You can subscribe... https://snews2.org//alert-signup/
[1] https://en.wikipedia.org/wiki/Super-Kamiokande
[2] https://en.wikipedia.org/wiki/IceCube_Neutrino_Observatory
edit: I guess my error might be related to confusing a probability factor with the number of incidents in a period.
edit: The right answer is probably up to 1 in every 10bn stars go supernovae in the universe each year (or 1 in 10bn die and a fraction are supernovae). Thanks: yzydserd and zild3d
Numbers are huge. Even tiny ratios mean something like 10-100 stars go supernova every single second somewhere in the universe.
Sounds a lot? Only about 1 star per galaxy goes supernova per century. A lot of galaxies.
Mindblowing.
This analysis really doesn't work. Star lifespan is inversely correlated to size. A star large enough to just barely go supernova is only going to live for ~100M years, and as they get bigger, the lifespans fall rapidly.

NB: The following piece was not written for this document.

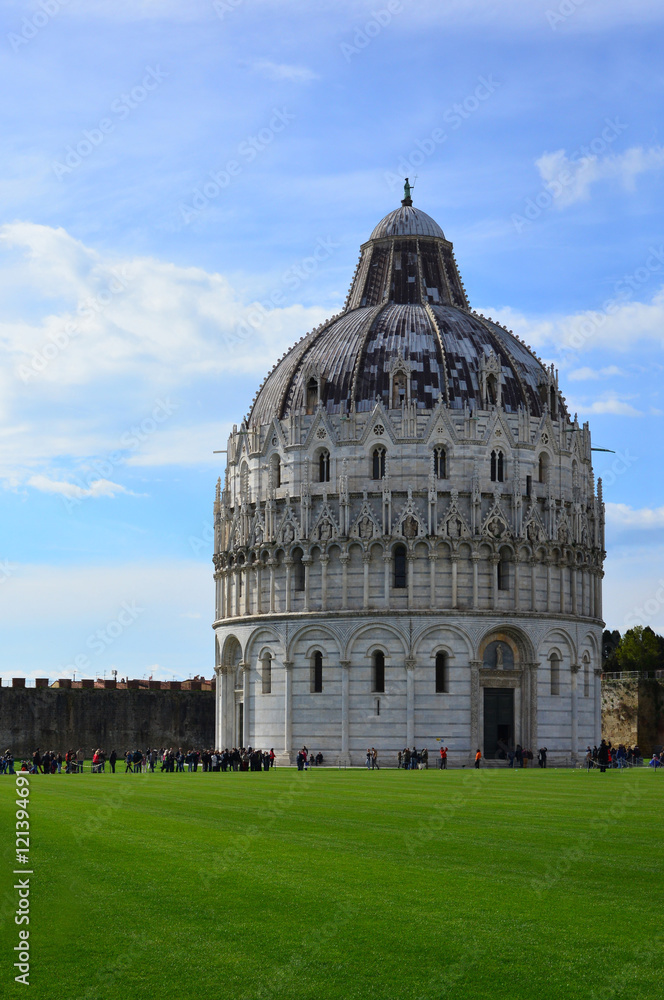 Pisa (Tuscany, Italy), the city of Leaning Tower. Here: the Baptistry in the Cathedral Square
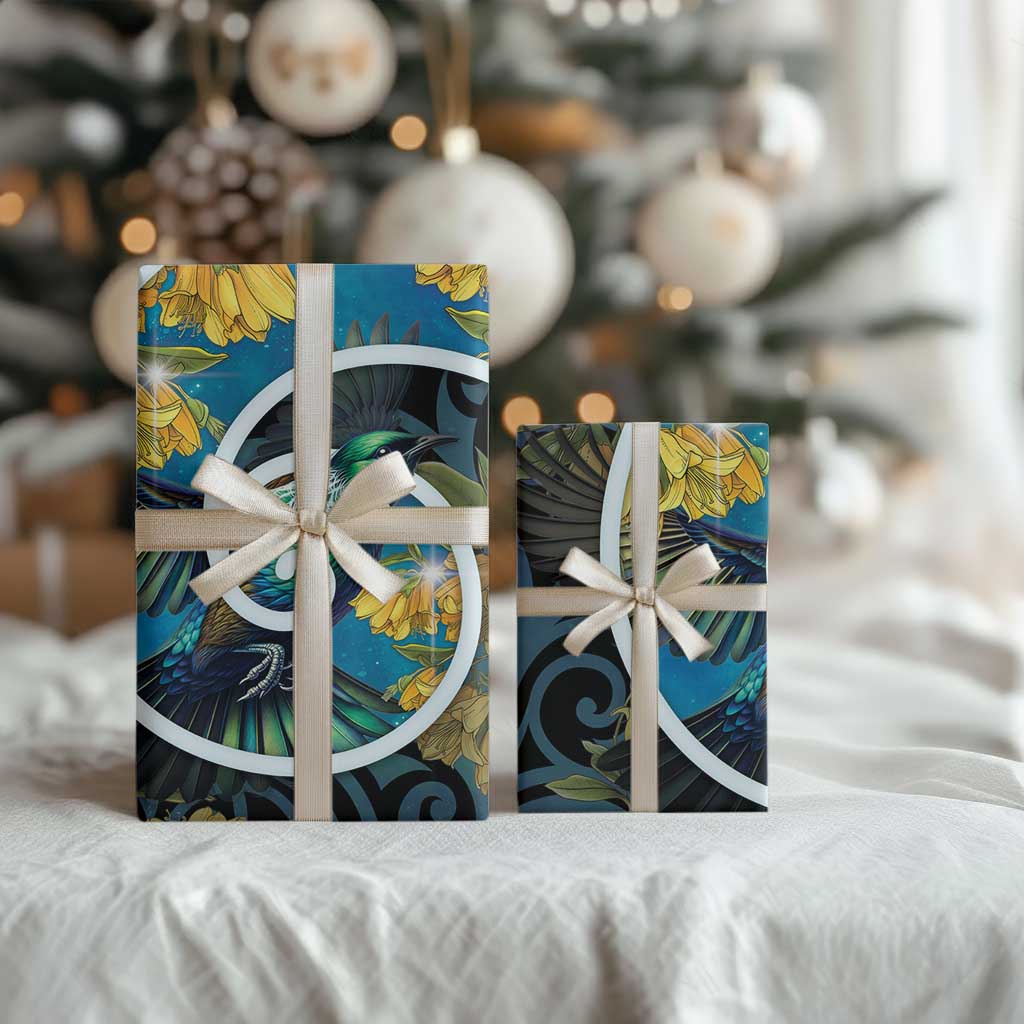 New Zealand Tui Bird Wrapping Paper Maori Koru With Kowhai Flowers LT05 - Polynesian Pride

(Why? Because gravity is what provides the pressure for fusion to happen, and so more gravity means fusion happens faster. For large stars, the luminosity is something like the mass to the 3.5th power. Also, convection works less well for larger stars, so as stars grow bigger, ever smaller proportion of the star takes any part in the fusion reactions in the core.)
Can’t be right, can it? It would make the Sun (over 4 billion years old) an enormous outlier.
It also would mean stars, on average, do not get very old. Over 10% of the stars that the ancient Greeks saw in the sky would have to have gone supernova since then.
Yes. That fact that I'm thinking made me think I was certainly wrong
Our universe is finite, so although it is unbounded (lacks edges) there aren't an infinite number of anything in it, galaxies, stars, M&Ms, grains of sand, atoms of hydrogen all finite.
There is no evidence that there are a infinite number of universes. All we know of is the one we exist in. The many worlds interpretation of quantum mechanics posits that there are a very large number of non-interacting "worlds" which may or may not be the same as "universes".
And if you meant "infinity number of galaxies" then that would require an infinite-size universe, and we don't know if that is the case for our universe. It could be, or it could be finite but unbounded.
If you were observer of emptiness and no universe or anything existing then you would say it’s more likely there will be nothing, so probability towards zero.
Not to forget the recursion. There’s likely universes within our elementary particles or our universe is a particle in parent one.
This is a very nonstandard use of the word "likely".
You have so little information that any estimate is effectively arbitrary. Nonetheless I think there's a clear statistical bias between the two choices in both cases.
> When the Vera Rubin survey telescope goes online, it’s expected to see hundreds of thousands of supernovae per year by itself.
https://wordfinderx.com/blog/languages-ranked-by-letters-in-...
I have no clue as to the accuracy of this website, but accuracy isn't something we strive for when making ridiculous comments on the interwebs, is it?
Japanese could be combined with the Hindi character set to yield base 96, which is fairly convenient. Cyrillic would be harder -- perhaps the best options there would be to drop a character to yield base 32, or perhaps 3 characters to yield base 30.
I'd argue that base 60 is probably the optimal number base for nearly any use (with base 16 or 64 as close second and third for working with binary data). Hindi's 50 characters combined with our 10 Arabic numerals could indeed be a great way to get there.
> That’s one hundred billion supernovae per century, or a billion per year, or about 30 per second.
7 characters of base26 gives you 8 billion combinations. "aaaaaaaaaaaaaaaaaaaaaaaaaaaaaaaaaaa" requires ~1e48 events when going by the actual non base26 scheme. So I wouldn't be worried.